ただ、「も」には「力も」という単なる強調の用法もあり、この場合は「年よれ」という命令形を強調するための「も」で、他のものとの比較の意味はないと考えた方がいい。
「年よれ」は文字通りに読めば、「年よ、寄れ」であり、「年経よ」と同じような意味であり、「年寄り」という言葉は「年が寄る=年を経る」から派生した言葉にすぎない。ここでは「年よれ」は年寄りになれではなく、「年を経てゆくのを感じ取ってくれ」ぐらいの意味に考えた方がいい。
冬になると、朝夕の風の変わり目に雨雲ができやすく、晴れた日でも明け方と夕暮に約束のように雲があらわれ、雨が降ったりする。これを時雨といい、冬の最初の時雨を特に初時雨と言う。初時雨が降ると、今年も冬が訪れ、もう一年も終わりかという気分になるのだろう。時雨はかつては関西特有の現象だったが、最近では関東でも時雨れる時がある。これは温暖化のせいか。
発句は興行の際のゲストの挨拶であり、許六亭での芭蕉を迎えての興行だから、芭蕉が発句を詠み、許六が脇を詠むことになる。この日は旧暦の十月三日で、冬の初め。ちょうど初時雨の季節で、この興行の時だけでも人が年を経てゆくのを感じてくれ、と挨拶する。
「初時雨」は冬。
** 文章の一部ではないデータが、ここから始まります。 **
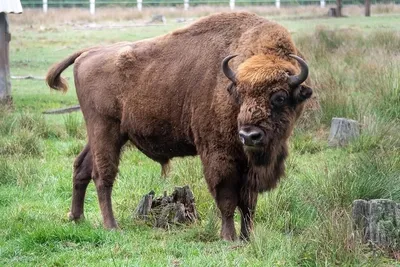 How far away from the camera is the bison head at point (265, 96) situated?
25.3 ft

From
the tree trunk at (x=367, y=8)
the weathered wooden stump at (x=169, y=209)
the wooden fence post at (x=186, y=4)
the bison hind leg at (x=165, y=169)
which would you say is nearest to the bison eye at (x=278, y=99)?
the weathered wooden stump at (x=169, y=209)

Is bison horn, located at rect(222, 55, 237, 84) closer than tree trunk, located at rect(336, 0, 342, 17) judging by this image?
Yes

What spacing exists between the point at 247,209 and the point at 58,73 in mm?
2966

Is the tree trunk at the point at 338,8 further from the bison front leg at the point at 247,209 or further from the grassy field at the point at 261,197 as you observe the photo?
the bison front leg at the point at 247,209

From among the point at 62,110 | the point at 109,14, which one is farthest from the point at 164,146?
the point at 109,14

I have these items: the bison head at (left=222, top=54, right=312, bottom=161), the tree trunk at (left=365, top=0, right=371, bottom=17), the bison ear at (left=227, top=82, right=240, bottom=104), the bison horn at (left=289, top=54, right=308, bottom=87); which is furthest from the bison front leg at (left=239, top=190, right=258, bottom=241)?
the tree trunk at (left=365, top=0, right=371, bottom=17)

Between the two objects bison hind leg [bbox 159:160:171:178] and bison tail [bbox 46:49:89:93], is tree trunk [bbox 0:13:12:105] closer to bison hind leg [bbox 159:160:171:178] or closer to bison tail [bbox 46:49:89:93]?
bison tail [bbox 46:49:89:93]

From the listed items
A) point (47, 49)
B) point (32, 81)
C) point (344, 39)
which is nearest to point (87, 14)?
point (47, 49)

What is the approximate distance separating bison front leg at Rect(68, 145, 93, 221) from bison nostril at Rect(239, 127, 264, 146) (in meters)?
2.41

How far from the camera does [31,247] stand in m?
7.73

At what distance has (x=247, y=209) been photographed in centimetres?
841

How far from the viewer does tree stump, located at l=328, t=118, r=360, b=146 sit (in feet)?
40.3

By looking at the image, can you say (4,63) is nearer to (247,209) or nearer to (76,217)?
(76,217)

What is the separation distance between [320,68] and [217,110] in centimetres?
763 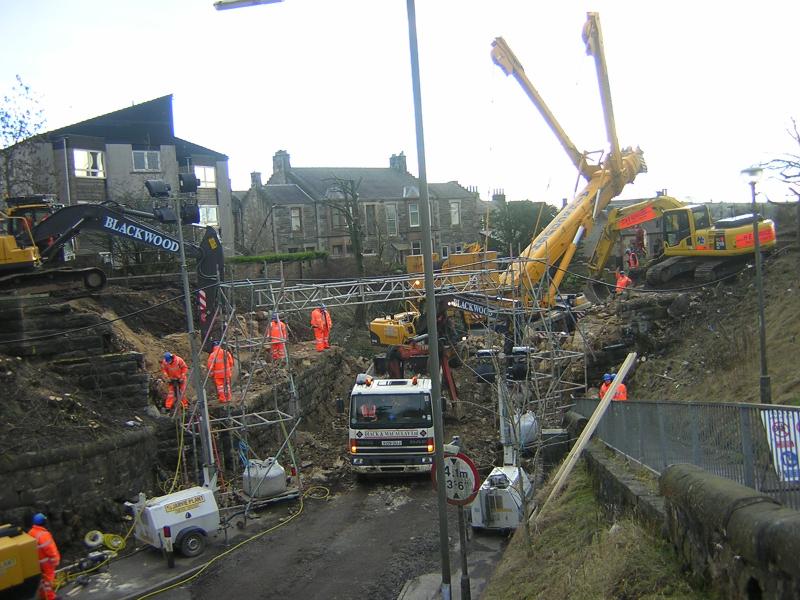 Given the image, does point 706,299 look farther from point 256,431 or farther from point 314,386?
point 256,431

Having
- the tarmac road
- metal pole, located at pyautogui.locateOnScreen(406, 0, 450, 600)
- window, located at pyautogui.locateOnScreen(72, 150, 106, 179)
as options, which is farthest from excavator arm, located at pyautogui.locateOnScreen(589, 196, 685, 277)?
window, located at pyautogui.locateOnScreen(72, 150, 106, 179)

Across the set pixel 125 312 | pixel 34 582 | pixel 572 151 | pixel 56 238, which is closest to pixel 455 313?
pixel 572 151

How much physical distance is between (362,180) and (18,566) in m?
49.0

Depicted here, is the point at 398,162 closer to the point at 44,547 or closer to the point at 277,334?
the point at 277,334

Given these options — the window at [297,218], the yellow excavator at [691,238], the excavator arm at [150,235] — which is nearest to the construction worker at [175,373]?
the excavator arm at [150,235]

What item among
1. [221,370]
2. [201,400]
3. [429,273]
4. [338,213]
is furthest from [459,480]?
[338,213]

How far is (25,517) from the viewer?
1236 cm

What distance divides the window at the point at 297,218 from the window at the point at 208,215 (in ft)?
41.8

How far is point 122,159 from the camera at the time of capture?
37.8 meters

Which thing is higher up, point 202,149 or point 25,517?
point 202,149

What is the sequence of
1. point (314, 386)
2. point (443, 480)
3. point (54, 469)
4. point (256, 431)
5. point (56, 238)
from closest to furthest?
point (443, 480), point (54, 469), point (56, 238), point (256, 431), point (314, 386)

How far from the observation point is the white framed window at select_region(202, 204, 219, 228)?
1594 inches

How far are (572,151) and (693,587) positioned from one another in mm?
21926

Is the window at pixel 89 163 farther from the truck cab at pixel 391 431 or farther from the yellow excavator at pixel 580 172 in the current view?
the truck cab at pixel 391 431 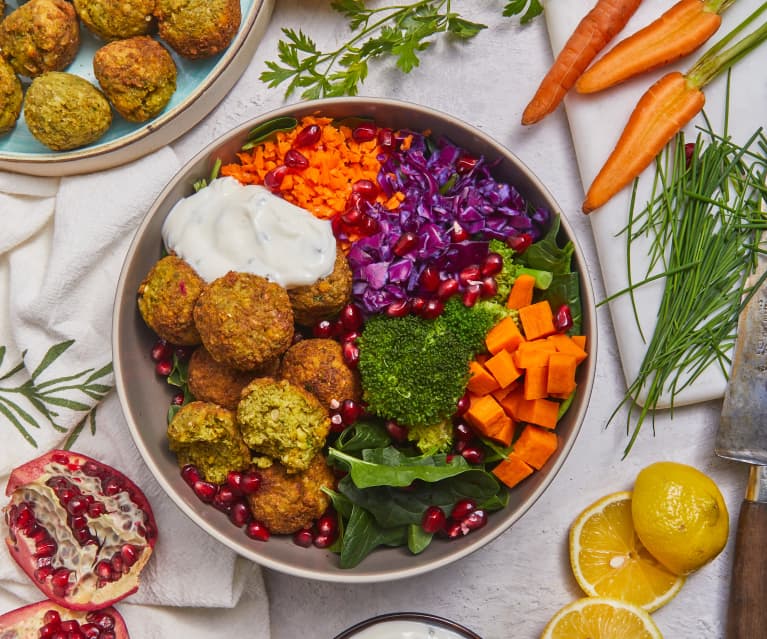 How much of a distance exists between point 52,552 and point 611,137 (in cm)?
277

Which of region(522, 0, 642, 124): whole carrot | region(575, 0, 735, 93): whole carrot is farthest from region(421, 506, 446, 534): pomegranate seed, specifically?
region(575, 0, 735, 93): whole carrot

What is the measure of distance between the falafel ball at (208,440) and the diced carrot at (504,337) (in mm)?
955

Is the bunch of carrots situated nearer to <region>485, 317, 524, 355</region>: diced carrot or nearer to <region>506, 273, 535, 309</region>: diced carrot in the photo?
<region>506, 273, 535, 309</region>: diced carrot

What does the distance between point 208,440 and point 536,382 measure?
1.16 metres

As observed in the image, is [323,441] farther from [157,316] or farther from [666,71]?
[666,71]

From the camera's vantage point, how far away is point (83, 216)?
118 inches

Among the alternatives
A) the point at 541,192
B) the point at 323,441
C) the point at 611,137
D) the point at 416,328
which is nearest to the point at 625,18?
the point at 611,137

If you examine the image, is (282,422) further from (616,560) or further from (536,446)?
(616,560)

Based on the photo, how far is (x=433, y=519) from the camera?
8.77ft

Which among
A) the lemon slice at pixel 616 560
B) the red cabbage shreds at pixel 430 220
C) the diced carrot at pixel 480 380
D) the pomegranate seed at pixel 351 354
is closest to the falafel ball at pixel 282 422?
the pomegranate seed at pixel 351 354

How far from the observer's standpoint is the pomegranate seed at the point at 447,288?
2721 millimetres

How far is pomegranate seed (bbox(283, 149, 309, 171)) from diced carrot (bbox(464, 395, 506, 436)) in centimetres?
106

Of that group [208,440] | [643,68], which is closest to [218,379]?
[208,440]

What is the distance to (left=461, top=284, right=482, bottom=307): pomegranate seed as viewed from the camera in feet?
8.84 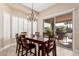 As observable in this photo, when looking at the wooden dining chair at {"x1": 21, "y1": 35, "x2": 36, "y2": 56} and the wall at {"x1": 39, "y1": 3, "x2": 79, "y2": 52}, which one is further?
the wooden dining chair at {"x1": 21, "y1": 35, "x2": 36, "y2": 56}

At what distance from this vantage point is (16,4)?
6.09ft

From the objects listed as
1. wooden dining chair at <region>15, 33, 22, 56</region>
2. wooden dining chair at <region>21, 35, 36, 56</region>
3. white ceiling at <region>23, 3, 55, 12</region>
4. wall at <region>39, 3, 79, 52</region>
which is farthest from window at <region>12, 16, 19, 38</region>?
wall at <region>39, 3, 79, 52</region>

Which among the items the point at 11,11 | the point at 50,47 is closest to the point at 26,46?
the point at 50,47

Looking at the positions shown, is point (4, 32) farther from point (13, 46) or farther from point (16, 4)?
point (16, 4)

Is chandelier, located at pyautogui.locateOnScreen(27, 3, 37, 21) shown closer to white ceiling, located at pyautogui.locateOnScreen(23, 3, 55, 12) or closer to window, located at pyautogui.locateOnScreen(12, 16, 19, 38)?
white ceiling, located at pyautogui.locateOnScreen(23, 3, 55, 12)

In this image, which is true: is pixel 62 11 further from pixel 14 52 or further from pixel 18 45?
pixel 14 52

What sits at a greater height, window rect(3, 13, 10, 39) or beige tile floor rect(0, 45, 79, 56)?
window rect(3, 13, 10, 39)

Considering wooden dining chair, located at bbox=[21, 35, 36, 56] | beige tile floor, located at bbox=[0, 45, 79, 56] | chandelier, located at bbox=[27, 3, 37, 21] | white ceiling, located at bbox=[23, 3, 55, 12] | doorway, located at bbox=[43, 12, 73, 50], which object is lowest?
beige tile floor, located at bbox=[0, 45, 79, 56]

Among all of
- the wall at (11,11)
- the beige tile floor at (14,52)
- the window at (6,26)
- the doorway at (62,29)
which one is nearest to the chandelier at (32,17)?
the wall at (11,11)

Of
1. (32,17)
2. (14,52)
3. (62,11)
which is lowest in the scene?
(14,52)

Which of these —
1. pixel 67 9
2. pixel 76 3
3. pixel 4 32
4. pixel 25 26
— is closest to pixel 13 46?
pixel 4 32

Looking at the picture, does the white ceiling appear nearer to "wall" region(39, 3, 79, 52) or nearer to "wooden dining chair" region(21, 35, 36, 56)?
"wall" region(39, 3, 79, 52)

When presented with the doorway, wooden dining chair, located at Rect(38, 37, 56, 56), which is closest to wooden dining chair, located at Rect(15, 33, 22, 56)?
wooden dining chair, located at Rect(38, 37, 56, 56)

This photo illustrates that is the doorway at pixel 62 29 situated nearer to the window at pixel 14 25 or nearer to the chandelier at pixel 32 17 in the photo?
the chandelier at pixel 32 17
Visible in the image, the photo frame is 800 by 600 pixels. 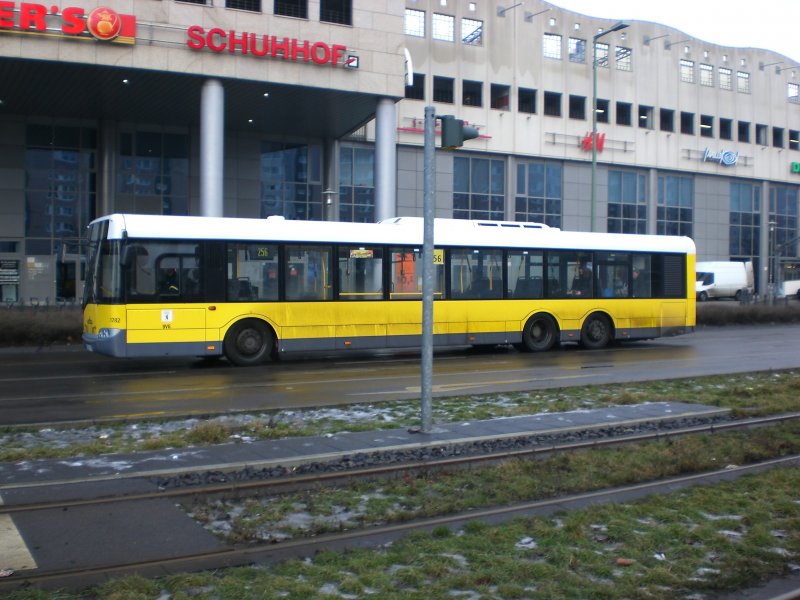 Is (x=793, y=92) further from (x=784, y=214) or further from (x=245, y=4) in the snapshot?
(x=245, y=4)

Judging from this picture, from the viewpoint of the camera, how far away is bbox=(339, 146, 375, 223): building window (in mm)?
41406

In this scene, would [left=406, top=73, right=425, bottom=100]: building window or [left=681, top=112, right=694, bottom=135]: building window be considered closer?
[left=406, top=73, right=425, bottom=100]: building window

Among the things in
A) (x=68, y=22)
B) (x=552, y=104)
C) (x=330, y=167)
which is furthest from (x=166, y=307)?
(x=552, y=104)

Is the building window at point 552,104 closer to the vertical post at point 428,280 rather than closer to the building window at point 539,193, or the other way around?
the building window at point 539,193

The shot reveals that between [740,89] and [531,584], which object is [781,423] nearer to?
[531,584]

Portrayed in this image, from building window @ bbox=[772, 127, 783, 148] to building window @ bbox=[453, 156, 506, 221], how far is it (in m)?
24.2

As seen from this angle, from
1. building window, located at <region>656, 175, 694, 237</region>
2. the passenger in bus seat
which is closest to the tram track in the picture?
the passenger in bus seat

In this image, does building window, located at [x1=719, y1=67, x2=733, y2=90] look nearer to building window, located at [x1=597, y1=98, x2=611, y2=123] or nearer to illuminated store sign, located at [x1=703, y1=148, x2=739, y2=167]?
illuminated store sign, located at [x1=703, y1=148, x2=739, y2=167]

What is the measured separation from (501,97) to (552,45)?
4789 mm

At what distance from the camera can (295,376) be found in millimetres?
16594

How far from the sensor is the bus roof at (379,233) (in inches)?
680

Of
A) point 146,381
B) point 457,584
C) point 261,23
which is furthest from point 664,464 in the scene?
point 261,23

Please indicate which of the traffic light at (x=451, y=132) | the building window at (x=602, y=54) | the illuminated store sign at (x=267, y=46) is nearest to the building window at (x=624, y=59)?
the building window at (x=602, y=54)

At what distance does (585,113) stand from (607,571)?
45163 mm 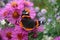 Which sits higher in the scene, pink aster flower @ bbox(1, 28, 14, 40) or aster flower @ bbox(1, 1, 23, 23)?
aster flower @ bbox(1, 1, 23, 23)

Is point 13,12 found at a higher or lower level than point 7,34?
higher

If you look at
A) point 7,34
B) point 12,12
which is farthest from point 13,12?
point 7,34

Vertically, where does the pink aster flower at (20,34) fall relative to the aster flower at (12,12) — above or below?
below

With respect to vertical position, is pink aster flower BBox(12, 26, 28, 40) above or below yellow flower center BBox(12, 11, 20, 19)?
below

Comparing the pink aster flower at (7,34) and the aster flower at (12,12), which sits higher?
the aster flower at (12,12)

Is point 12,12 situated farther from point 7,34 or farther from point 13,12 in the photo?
point 7,34

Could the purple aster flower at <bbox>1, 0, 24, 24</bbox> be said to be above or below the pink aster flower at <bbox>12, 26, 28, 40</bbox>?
above

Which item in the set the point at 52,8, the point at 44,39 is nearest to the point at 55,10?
the point at 52,8

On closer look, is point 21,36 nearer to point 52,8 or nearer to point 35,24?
point 35,24

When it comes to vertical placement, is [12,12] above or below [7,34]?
above

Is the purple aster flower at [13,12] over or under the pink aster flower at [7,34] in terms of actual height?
over

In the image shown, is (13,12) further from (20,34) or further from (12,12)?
(20,34) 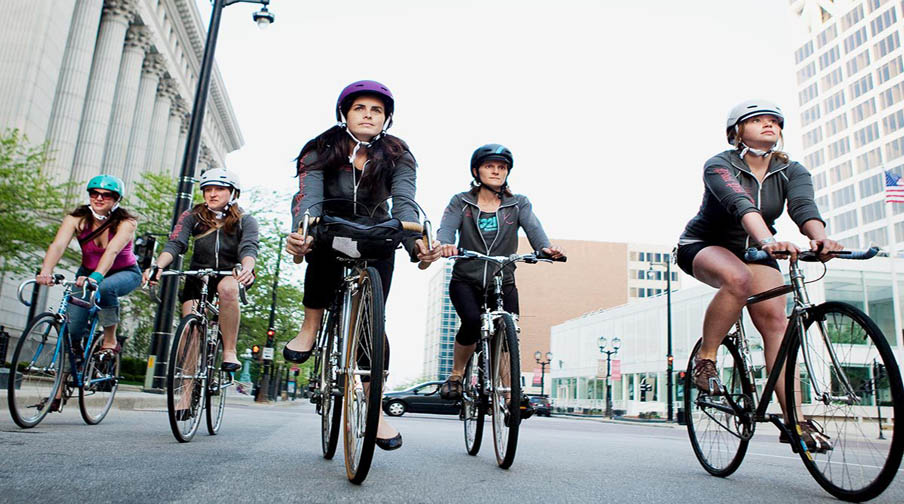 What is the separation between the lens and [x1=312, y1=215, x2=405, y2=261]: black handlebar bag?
11.9ft

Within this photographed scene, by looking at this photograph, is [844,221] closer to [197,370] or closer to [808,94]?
[808,94]

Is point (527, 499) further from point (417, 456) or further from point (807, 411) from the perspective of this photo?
point (417, 456)

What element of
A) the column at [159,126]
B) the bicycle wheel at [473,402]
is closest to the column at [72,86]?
the column at [159,126]

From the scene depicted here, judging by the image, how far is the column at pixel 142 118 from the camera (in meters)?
44.1

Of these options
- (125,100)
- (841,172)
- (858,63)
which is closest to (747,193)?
(125,100)

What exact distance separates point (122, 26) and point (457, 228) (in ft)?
136

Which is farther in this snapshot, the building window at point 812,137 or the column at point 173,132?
the building window at point 812,137

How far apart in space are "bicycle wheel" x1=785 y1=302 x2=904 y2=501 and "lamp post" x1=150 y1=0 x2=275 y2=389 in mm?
11061

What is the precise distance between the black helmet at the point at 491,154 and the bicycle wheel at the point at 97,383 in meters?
3.55

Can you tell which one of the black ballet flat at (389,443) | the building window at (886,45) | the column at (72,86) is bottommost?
the black ballet flat at (389,443)

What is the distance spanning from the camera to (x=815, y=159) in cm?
8350

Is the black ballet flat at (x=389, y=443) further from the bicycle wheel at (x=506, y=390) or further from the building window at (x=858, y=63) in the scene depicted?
the building window at (x=858, y=63)

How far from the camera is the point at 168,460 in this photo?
3770 millimetres

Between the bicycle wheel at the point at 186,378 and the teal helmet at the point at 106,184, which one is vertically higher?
the teal helmet at the point at 106,184
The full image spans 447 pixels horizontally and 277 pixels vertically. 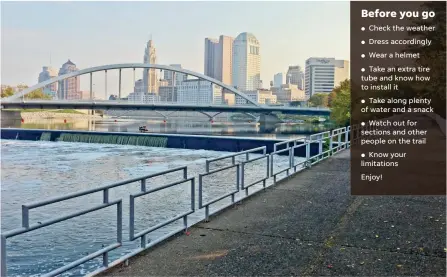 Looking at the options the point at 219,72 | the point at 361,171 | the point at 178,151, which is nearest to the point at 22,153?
the point at 178,151

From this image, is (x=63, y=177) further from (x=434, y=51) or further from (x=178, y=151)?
(x=434, y=51)

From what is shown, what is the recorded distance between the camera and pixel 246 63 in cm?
18062

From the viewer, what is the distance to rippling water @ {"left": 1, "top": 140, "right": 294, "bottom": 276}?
6854 millimetres

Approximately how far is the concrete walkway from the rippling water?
1.16m

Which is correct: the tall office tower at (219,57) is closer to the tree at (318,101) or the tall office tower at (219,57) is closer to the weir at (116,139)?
the tree at (318,101)

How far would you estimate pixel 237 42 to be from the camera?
192m

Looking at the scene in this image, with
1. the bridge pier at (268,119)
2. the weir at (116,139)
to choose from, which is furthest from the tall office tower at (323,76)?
the weir at (116,139)

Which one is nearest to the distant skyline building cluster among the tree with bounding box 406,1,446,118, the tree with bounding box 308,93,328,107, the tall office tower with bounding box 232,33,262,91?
the tall office tower with bounding box 232,33,262,91

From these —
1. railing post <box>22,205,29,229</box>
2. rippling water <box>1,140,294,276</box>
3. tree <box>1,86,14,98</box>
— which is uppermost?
tree <box>1,86,14,98</box>

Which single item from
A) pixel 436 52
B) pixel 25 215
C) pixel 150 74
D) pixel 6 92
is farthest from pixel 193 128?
pixel 150 74

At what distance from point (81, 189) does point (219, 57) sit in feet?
Answer: 557

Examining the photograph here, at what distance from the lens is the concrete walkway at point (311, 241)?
13.8 feet

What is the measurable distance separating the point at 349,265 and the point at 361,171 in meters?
4.99

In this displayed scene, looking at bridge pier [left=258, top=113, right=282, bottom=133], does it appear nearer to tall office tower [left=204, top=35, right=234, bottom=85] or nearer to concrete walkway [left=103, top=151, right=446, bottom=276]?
concrete walkway [left=103, top=151, right=446, bottom=276] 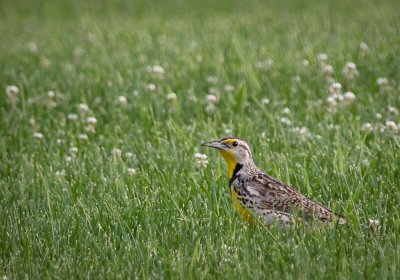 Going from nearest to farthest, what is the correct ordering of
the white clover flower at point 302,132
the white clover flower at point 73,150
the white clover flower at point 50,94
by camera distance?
the white clover flower at point 302,132
the white clover flower at point 73,150
the white clover flower at point 50,94

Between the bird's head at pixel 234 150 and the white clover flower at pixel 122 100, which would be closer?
the bird's head at pixel 234 150

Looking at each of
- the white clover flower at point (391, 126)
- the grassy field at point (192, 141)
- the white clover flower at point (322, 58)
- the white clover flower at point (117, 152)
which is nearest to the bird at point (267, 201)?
the grassy field at point (192, 141)

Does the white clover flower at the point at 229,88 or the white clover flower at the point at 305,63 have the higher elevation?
the white clover flower at the point at 305,63

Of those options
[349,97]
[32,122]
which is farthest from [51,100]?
[349,97]

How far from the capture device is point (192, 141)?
8102 millimetres

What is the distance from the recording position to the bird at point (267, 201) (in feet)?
18.9

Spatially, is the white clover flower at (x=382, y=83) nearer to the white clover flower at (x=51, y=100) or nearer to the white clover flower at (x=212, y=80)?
the white clover flower at (x=212, y=80)

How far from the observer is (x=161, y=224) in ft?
19.6

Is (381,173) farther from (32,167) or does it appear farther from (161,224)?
(32,167)

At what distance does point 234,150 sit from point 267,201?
687mm

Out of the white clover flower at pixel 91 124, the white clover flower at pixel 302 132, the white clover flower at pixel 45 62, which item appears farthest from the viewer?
the white clover flower at pixel 45 62

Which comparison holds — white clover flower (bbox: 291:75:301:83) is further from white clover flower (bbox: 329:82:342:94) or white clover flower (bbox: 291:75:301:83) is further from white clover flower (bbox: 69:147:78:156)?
white clover flower (bbox: 69:147:78:156)

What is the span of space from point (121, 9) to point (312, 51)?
7.55 metres

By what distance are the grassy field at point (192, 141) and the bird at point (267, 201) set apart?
0.44 feet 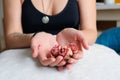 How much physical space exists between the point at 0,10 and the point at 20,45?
1456 millimetres

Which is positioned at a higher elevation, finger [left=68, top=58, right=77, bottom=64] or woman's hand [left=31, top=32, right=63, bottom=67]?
woman's hand [left=31, top=32, right=63, bottom=67]

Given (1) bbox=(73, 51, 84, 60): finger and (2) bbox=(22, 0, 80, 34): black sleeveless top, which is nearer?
(1) bbox=(73, 51, 84, 60): finger

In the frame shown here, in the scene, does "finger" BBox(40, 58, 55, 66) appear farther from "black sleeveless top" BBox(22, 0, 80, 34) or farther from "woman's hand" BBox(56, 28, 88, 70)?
"black sleeveless top" BBox(22, 0, 80, 34)

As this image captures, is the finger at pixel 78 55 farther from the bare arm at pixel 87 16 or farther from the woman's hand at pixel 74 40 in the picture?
the bare arm at pixel 87 16

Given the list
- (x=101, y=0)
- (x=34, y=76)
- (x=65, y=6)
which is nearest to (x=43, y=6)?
(x=65, y=6)

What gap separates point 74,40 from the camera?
0.65 metres

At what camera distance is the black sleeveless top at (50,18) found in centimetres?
90

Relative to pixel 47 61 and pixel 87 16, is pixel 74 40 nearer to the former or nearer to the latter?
pixel 47 61

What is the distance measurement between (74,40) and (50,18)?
26 centimetres

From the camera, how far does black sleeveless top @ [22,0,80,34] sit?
35.4 inches

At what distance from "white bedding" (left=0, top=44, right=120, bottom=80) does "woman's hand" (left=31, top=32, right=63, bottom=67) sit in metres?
0.02

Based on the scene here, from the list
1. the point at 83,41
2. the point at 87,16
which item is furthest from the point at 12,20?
the point at 83,41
降物。「人」は人倫。
けふばかり人も年よれ初時雨
野は仕付たる麦のあら土 許六
(けふばかり人も年よれ初時雨野は仕付たる麦のあら土)
発句がゲストの挨拶なのに対し、脇はそれを迎えるホストの返礼になる。
年を経てもいいように来年のための準備は整ってますという意味で、畑の麦蒔きも終わりましたと答える。「あら土」は土のこなれていないという意味だが、それは比喩であり、招待する側の「粗末な所ですが」という謙遜の意味にすぎない。
「仕付たる麦」は冬。草類。
野は仕付たる麦のあら土
油実を売む小粒の吟味して 酒堂
(油実を売む小粒の吟味して野は仕付たる麦のあら土)
「油実」というのは中国原産のアブラギリ(トウダイグサ科)の実のことで、2~2.5cmの扁球形の実をつける。アブラギリから取れる桐油には有毒な成分が含まれていて、行灯などの燃料に広く使用されていた。農家の現金収入を得る手段として、芭蕉の時代にはあちこちで栽培されるようになった。今日では木材保護油として使われている。
第三は「て」止めか「らん」止めにすることが多い。「て」止めの場合は下句の原因を付けて「‥‥して‥‥する」と読ませることもできれば、下句が原因となって「‥‥ならば、‥‥したりして」の倒置として「‥‥したりして、‥‥ならば」と読ませることもできる。「らん」の場合も疑問と反語の用法があり、疑問で付けた句を反語で取り成すようにすれば、容易に展開ができる。第三が「て」や「らん」で止めるのは、何ら規則ではなく、しょっぱなから句が詰まって進まなくなるのを防ぐための工夫と考えた方がいい。
「て」止めの場合、下句を原因とするより、下句を結果とした方が、すんなりと付けられる。そのため、後の人の付けやすさを考えるなら、下句を原因としてつける方がいい。ここでも、野には麦の準備し、さらに油実を売ろうと付く。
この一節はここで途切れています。